The majority also held that binding customary international law requires of states to always act in good faith and in furtherance of the object and purpose of the treaties that they have signed. It observed that the Treaty required South Africa to promote the rule of law and the right to access to justice which is provided for by both the Treaty and the Constitution. The majority held that the President failed to do by suspending the operations of the Tribunal and denying citizens’ access to it, in terms of power and procedure that does not exist as the Treaty does not provide for amendments to be made through the 2014 Protocol, as the SADC Member States purported to do. They also lack the power to suspend the operations of the Tribunal. The majority thus concluded that the conduct of our former President in all these respects was unlawful, irrational and constitutionally invalid.
It was for these reasons that the President was ordered to withdraw his signature from the 2014 SADC Protocol and the High Court order was confirmed.

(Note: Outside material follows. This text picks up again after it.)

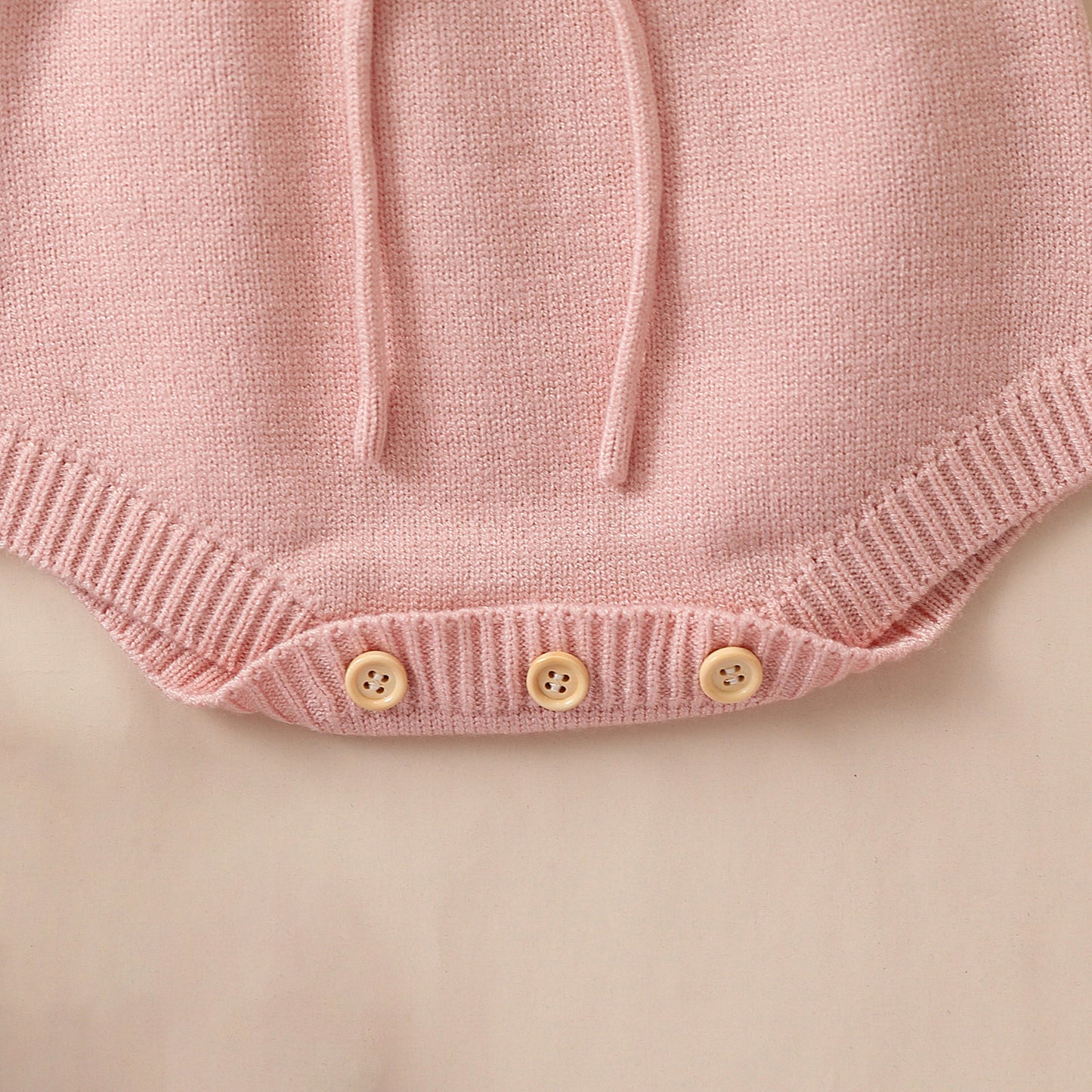 Pagliaccetto in maglia bimba con cuore in rilievo rosa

In a separate concurrence, Cameron J and Froneman J (Mhlantla J and Petse AJ concurring) concur with the remedy and order of the majority judgment, but for one reservation in the reasoning of the majority judgment. In their view, the basis for concluding that the President acted irrationally and unlawfully does not lie in any breach of international law or the provisions of the Vienna Convention on the Law of Treaties or SADC Treaty directly. This is because individuals, even constitutional office-bearers, like the President, cannot as individuals violate international law. Only States and international organisations can commit breaches of international law and treaties. In contrast, the concurring judgment contends that it is sufficient for the Court to find that the President’s conduct was unlawful as it contravened sections 7(2) and 8 of the Constitution, as the case hinged on constitutional limits to the exercise of executive power.